In 1966–68 he hosted a series of educational TV programs on the (then new) Icelandic National Television (RÚV), in which he showed the audience some of the National Museum's artefacts and explained their historical context. These programs became quite popular, making him a well known and respected popular figure. This no doubt gave him the incentive needed to run in the 1968 presidential election as a politically non-affiliated candidate.

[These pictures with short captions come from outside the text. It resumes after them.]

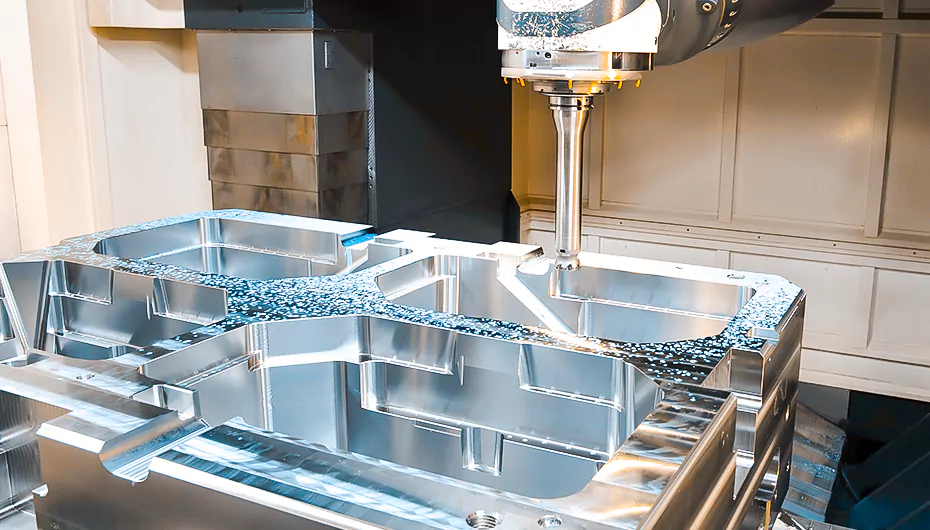 precision-mold-machining-workflow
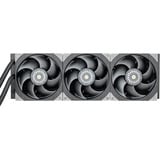 SilverStone XE420 waterkoeling Zwart/zilver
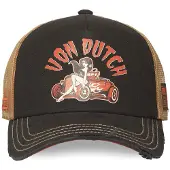 Von Dutch Vd/1/ct/crew/31 Cap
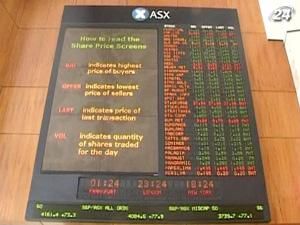 Резервний банк Австралії збільшив облікову ставку до 4,25% Резервний банк Австралії збільшив облікову ставку до 4,25%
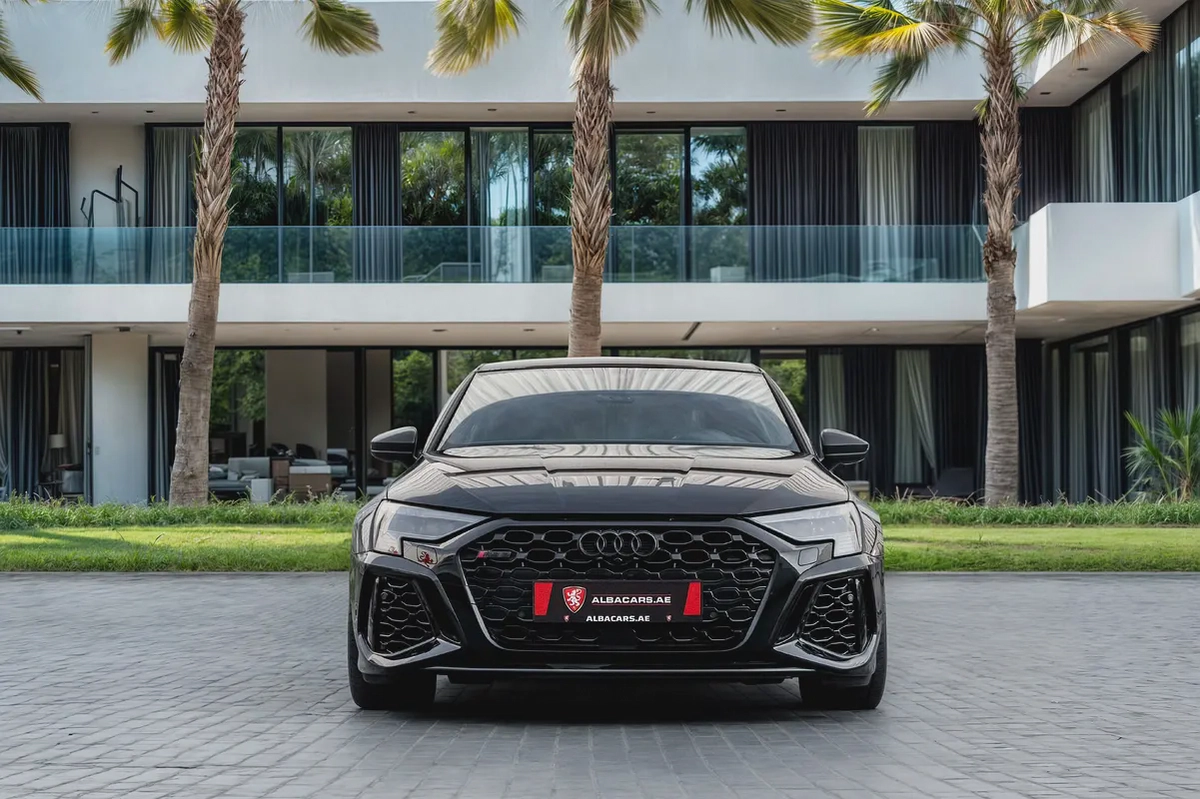 3,525 P.M |  RS3 2.5L | 0% Downpayment | AUDI WARRANTY  SERVICE!-3-3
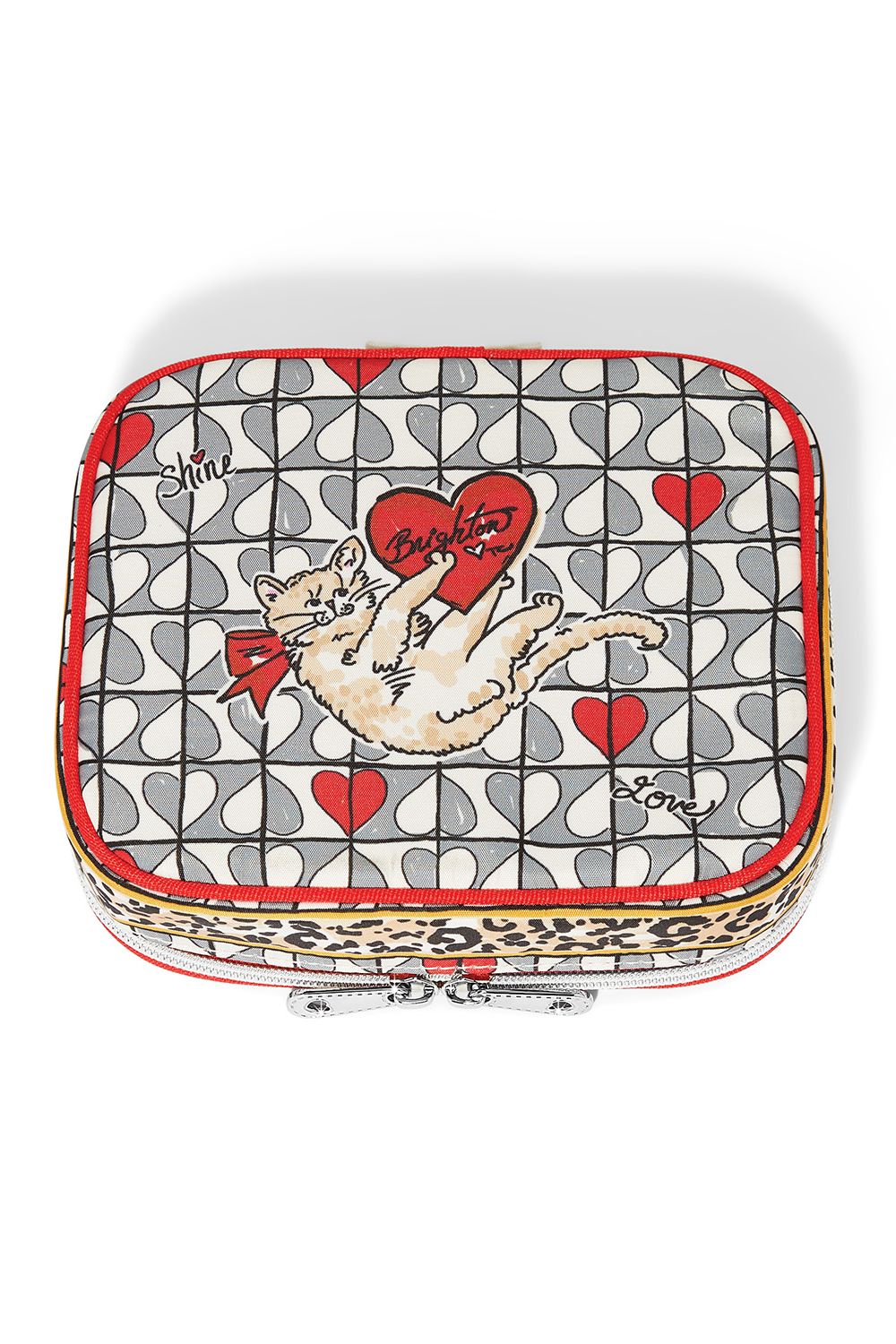 Wild Love Jewelry Case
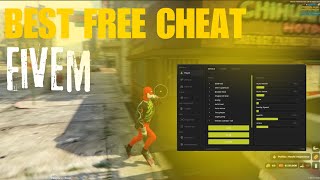 FIVEM FREE CHEATS SILENT AIM 🎯🔫 [upl. by Zephaniah720]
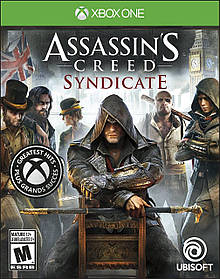 Гра для ігрової консолі Xbox One, Assassin's Creed: Syndicate (БУ)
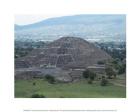 Pyramid of the Moon Teotihuacan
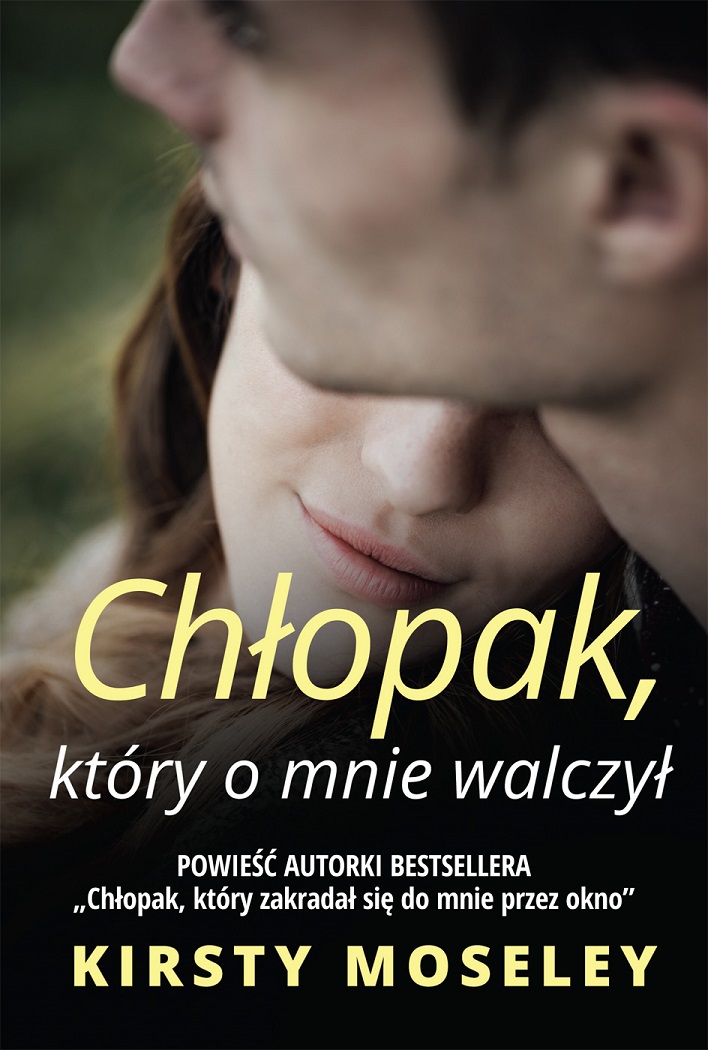 Chłopak, który o mnie walczył — okładka e-booka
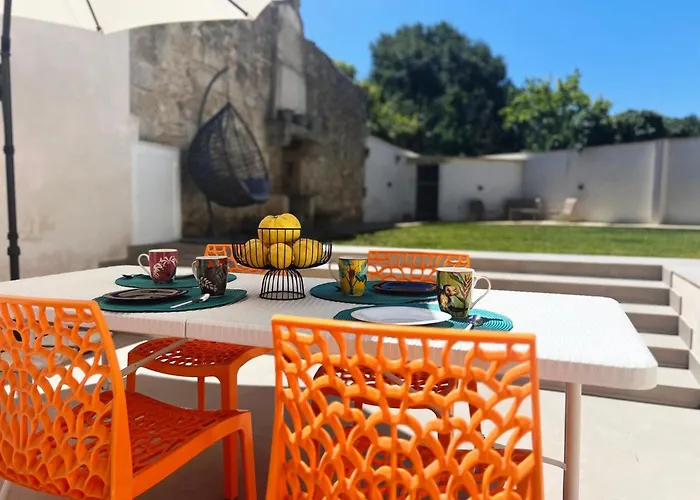 Al Vecchio Cinema Holiday home Martano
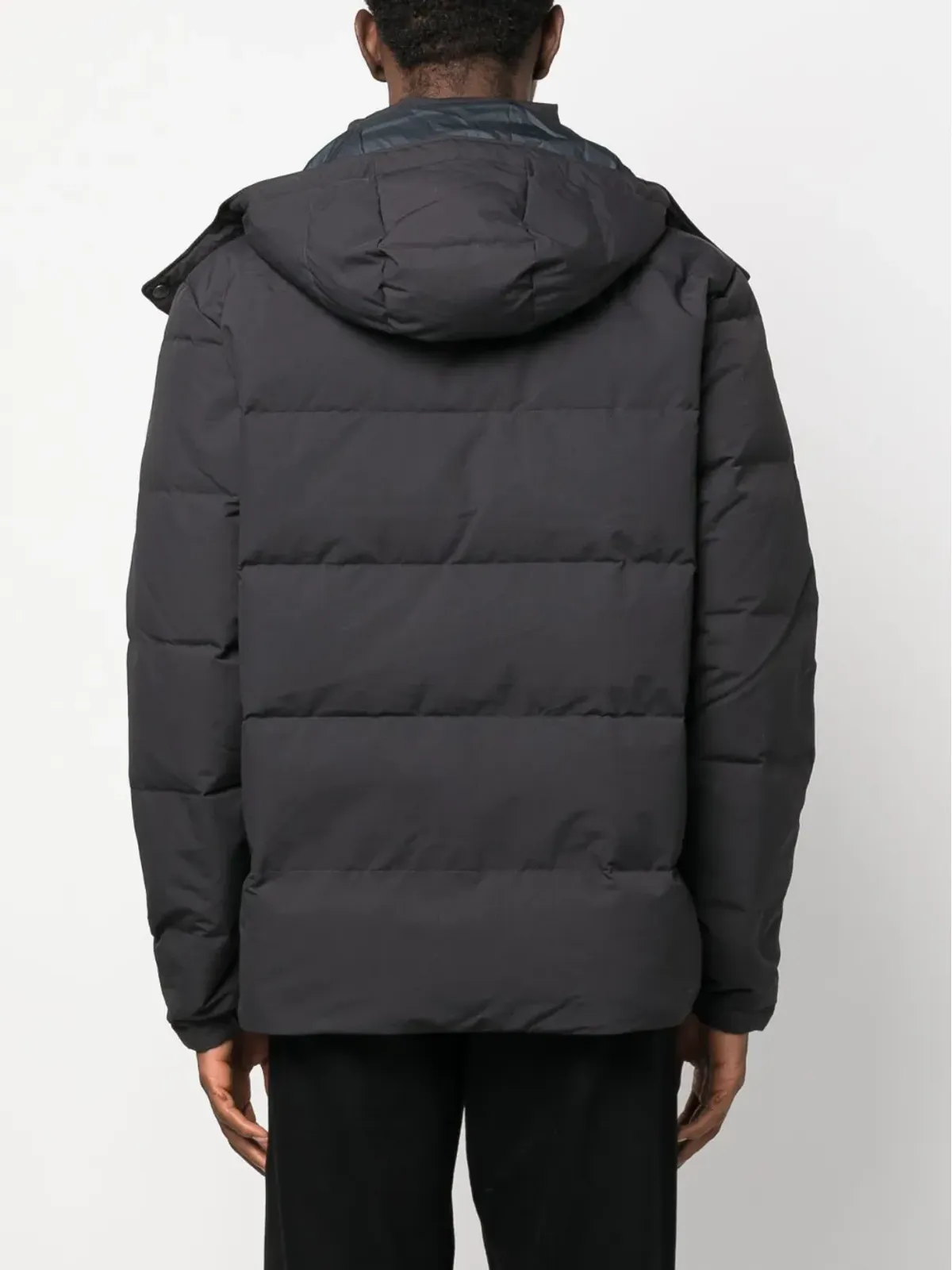 Patagonia Downdrift リサイクルポリエステル ジャケット - 画像4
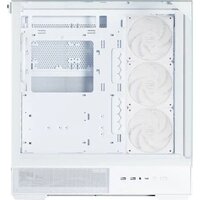 Корпус Zalman P40 Prism Plus (белый) фото-4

Starting as the underdog in the 1968 presidential election, running against Ambassador Gunnar Thoroddsen who initially had a 70% lead in the opinion polls, Kristján won 65.6% of the vote on a 92.2% voter turnout. He was re-elected unopposed in 1972 and 1976. In 1980 he decided not to run for another term, wanting to devote his remaining years entirely to continuing his lifelong academic work.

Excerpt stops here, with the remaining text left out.